The letter – signed by 40 organizations, including coalitions, representing more than 200 nongovernmental organizations from Asia, Latin America, Africa, Europe, and North America – calls on Moon to:
Urge Kim to act on United Nations human rights recommendations;
Engage on inter-Korean human rights issues, including human rights dialogues and information exchanges;
Push for regular reunion meetings of separated families; and
Increase inter-Korean people-to-people contact.
The organizations also called on the South Korean government to provide much-needed humanitarian aid with appropriate monitoring.

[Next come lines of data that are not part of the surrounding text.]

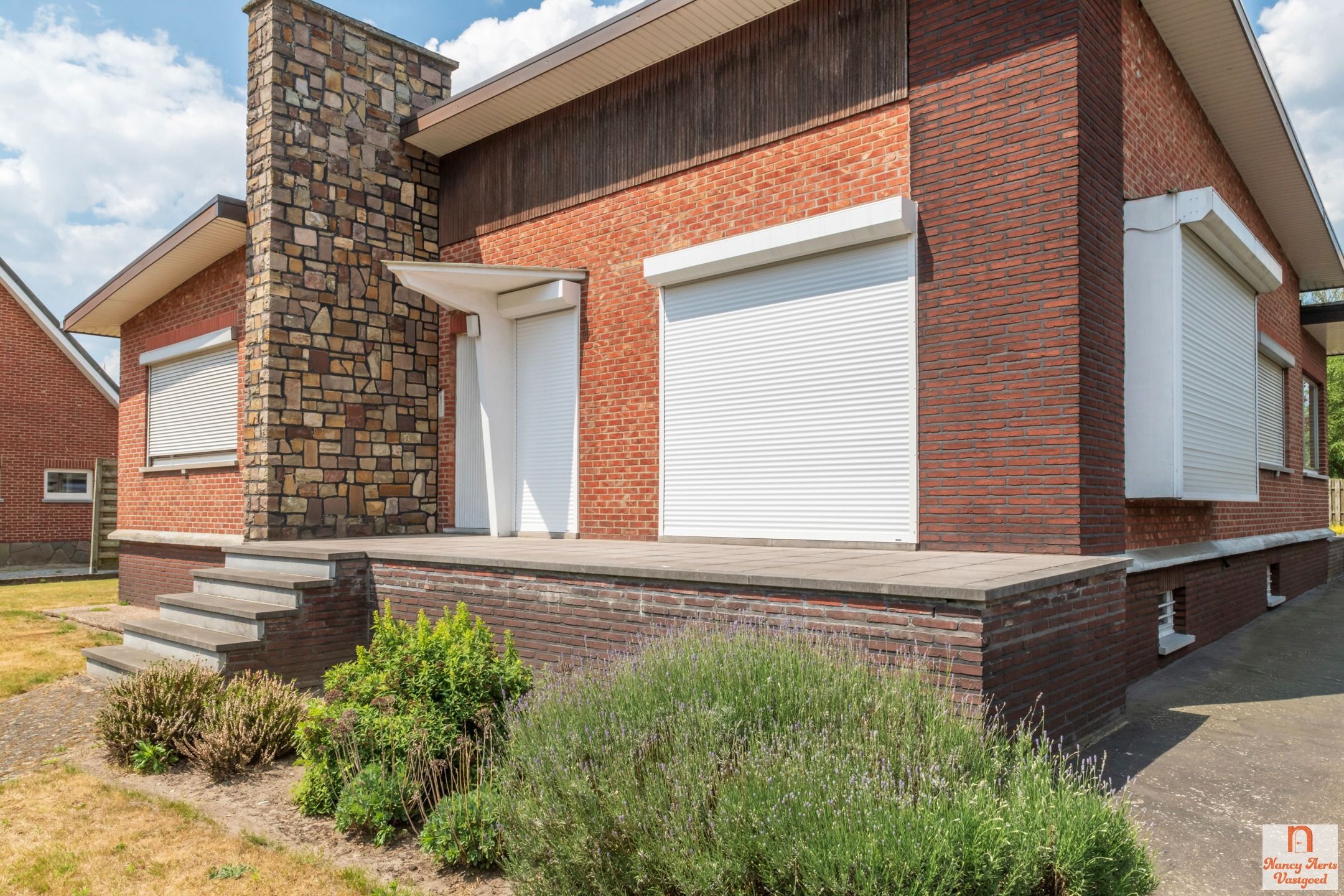 Vrijstaande, goed onderhouden woning op 20 are grond foto 35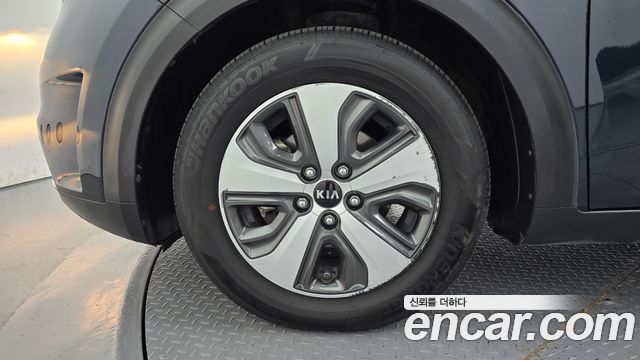 Kia Niro 2017 — photo 5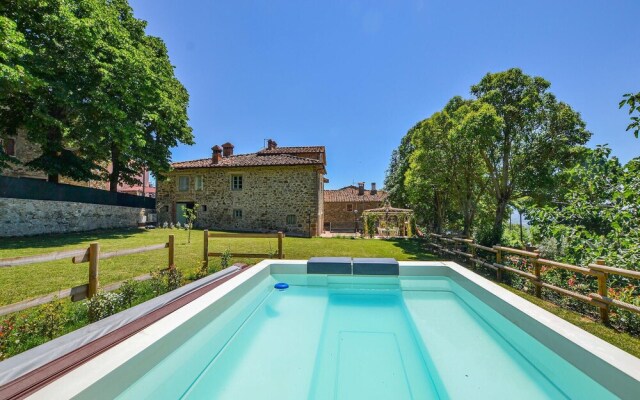Stunning Home in Arezzo With 5 Bedrooms, Jacuzzi and Wifi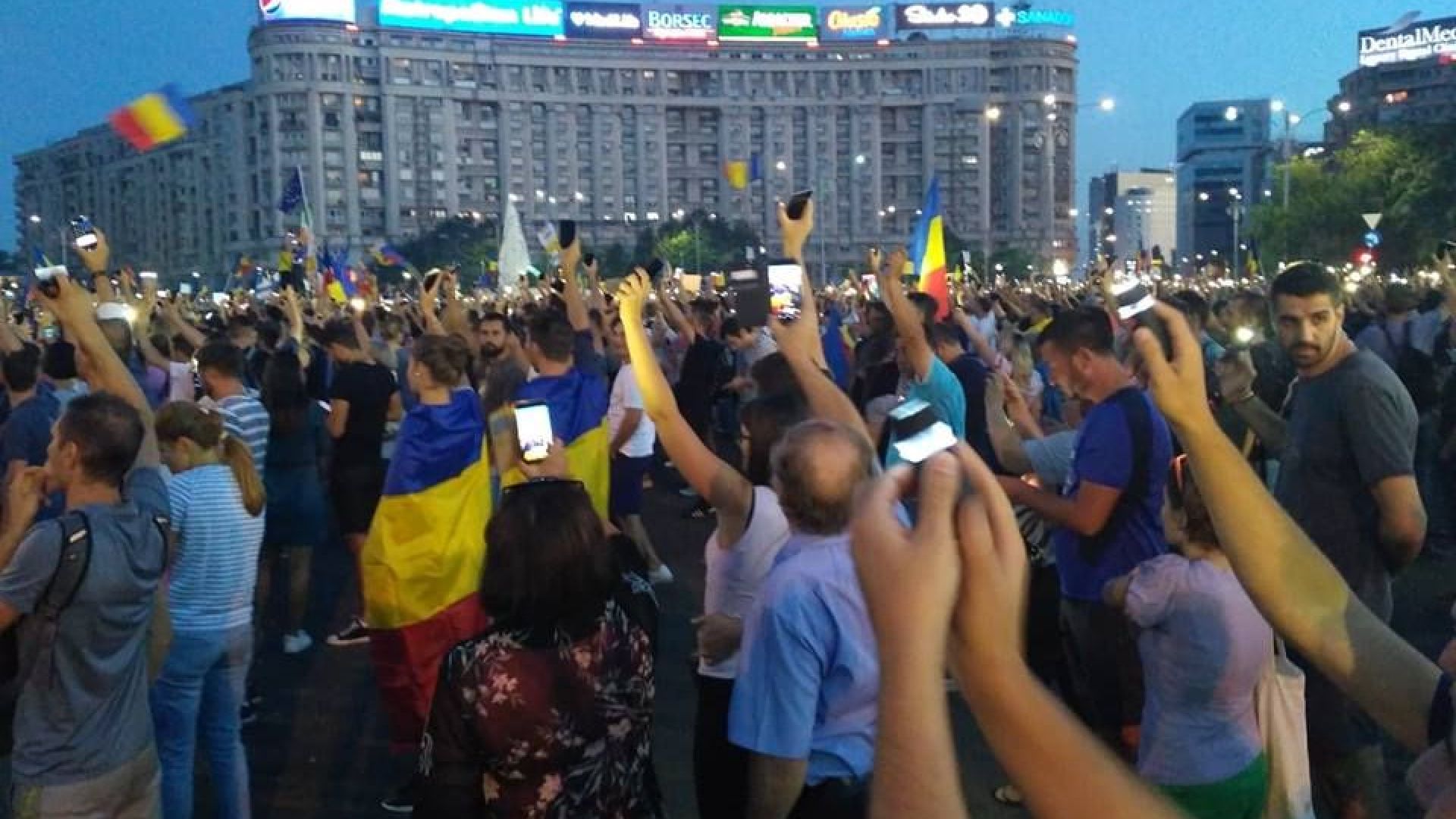 Без ексцесии на втория протест в Букурещ (видео)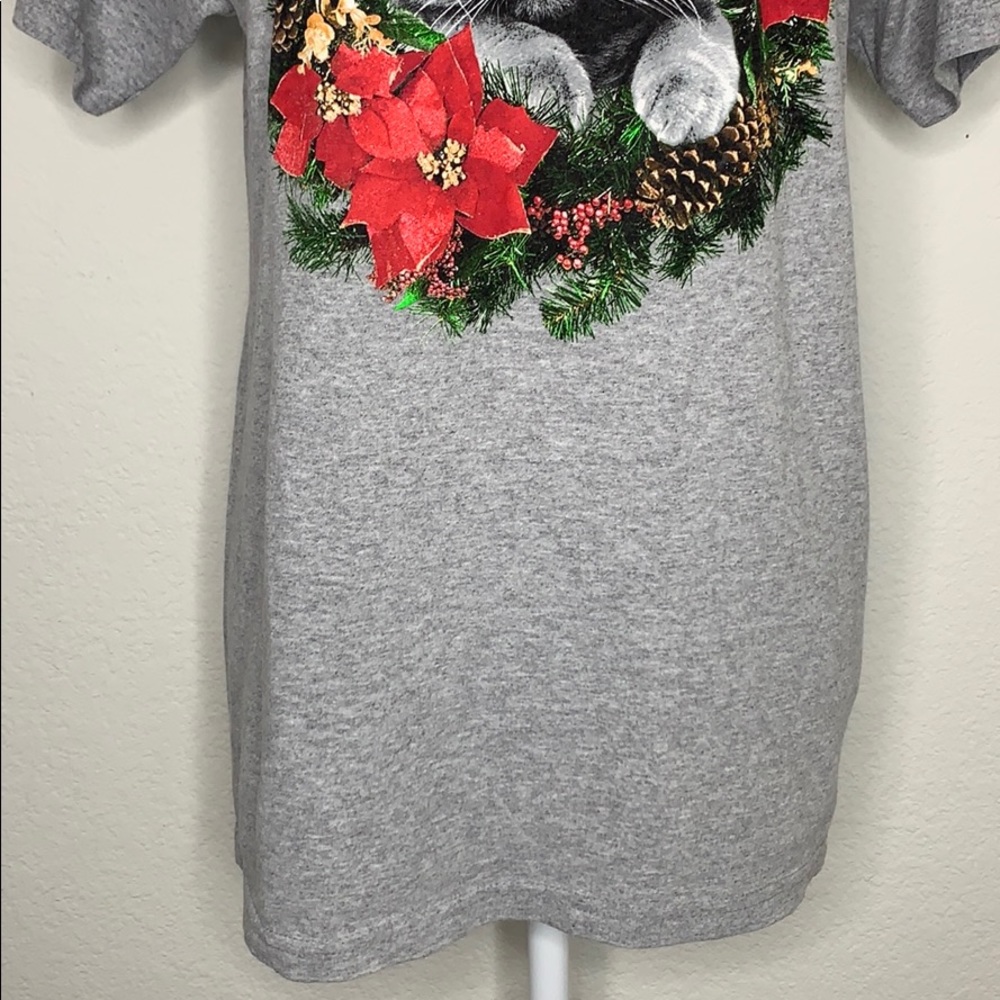 Cat in a Wreath Christmas Tee - Picture 4 of 8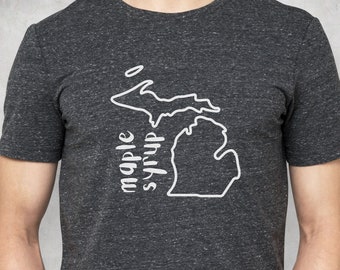 Camiseta de jarabe de arce de Michigan, camisa de jarabe, temporada de jarabe, jarabe de arce real, puro Michigan, tapping de jarabe, camisa del norte, turista MI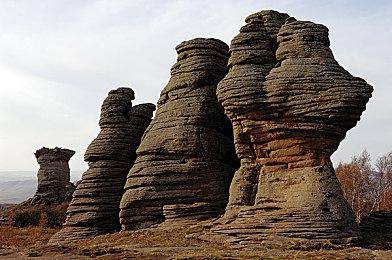 《英雄联盟》2022总决赛宣传片公布 9月30日举行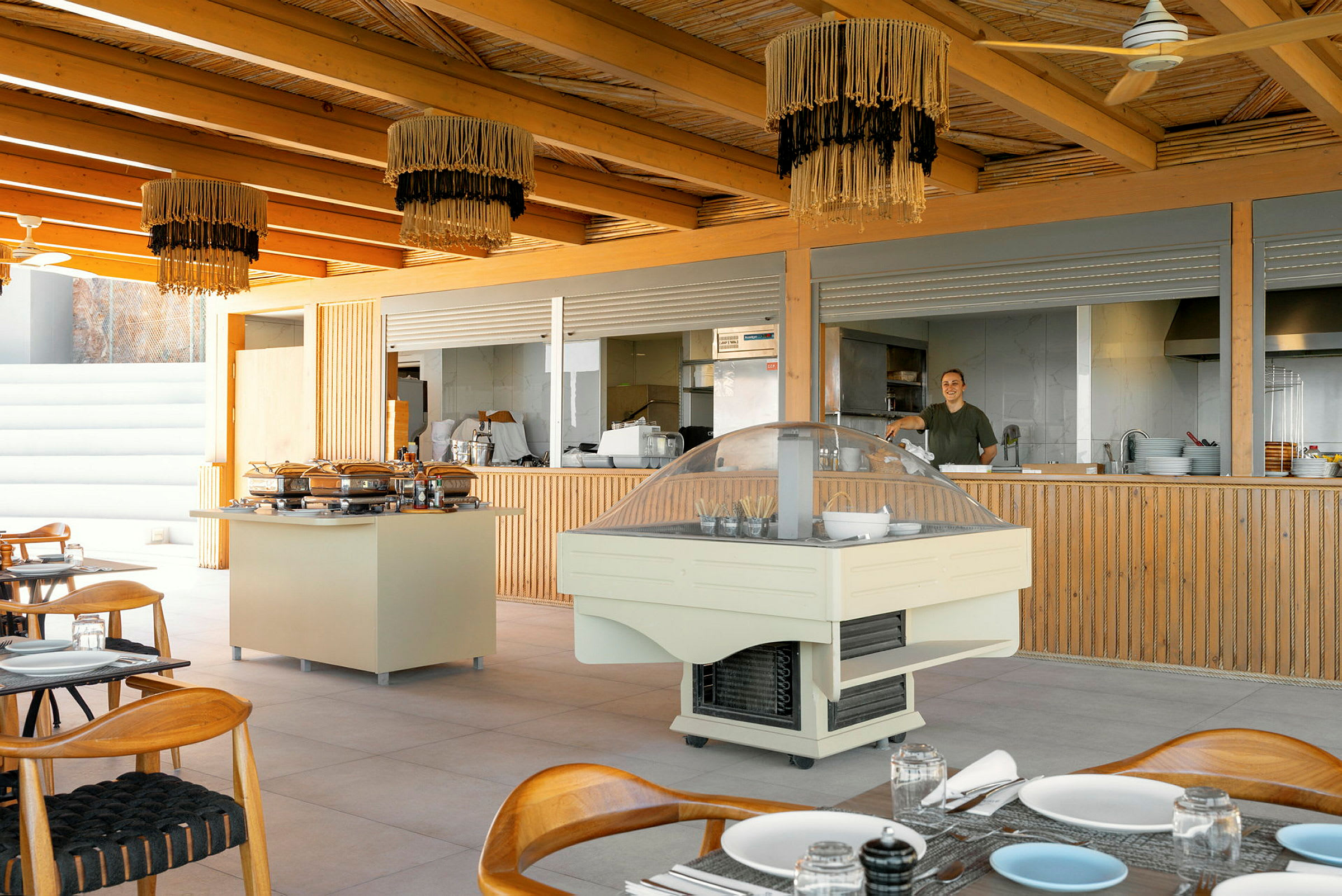En restaurantmiljø med matservering og treinnredning. (AI-generert tekst)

Since the Korean War in the 1950s, an estimated one million Koreans have been separated or forcibly removed from their families through displacement during the war, enforced disappearances and abductions, or following escape from North Korea. The 2014 UN Commission of Inquiry found that abuses in North Korea were without parallel in the contemporary world, including extermination, murder, enslavement, torture, imprisonment, rape, forced abortions, and other sexual violence.
On March 31, 2018, North Korea criticized South Koreas foreign minister Kang Kyung-wha for calling on North Korea to abandon its nuclear programs and improve its human rights record. North Korean media said her remarks were an open political provocation to the DPRK and an intolerable act of chilling the atmosphere for dialogue. On April 4, 2018, Kang told reporters that Seoul maintains a firm stance on the dire human rights situation in the North, but that to include the issue in the agenda the government will need more preparation.
South Korea should not give in to North Korean bluster and threats on human rights, Adams said. President Moons leadership is crucial in efforts to help improve human rights conditions in North Korea while at the same time finding real, long-term solutions to the security crisis.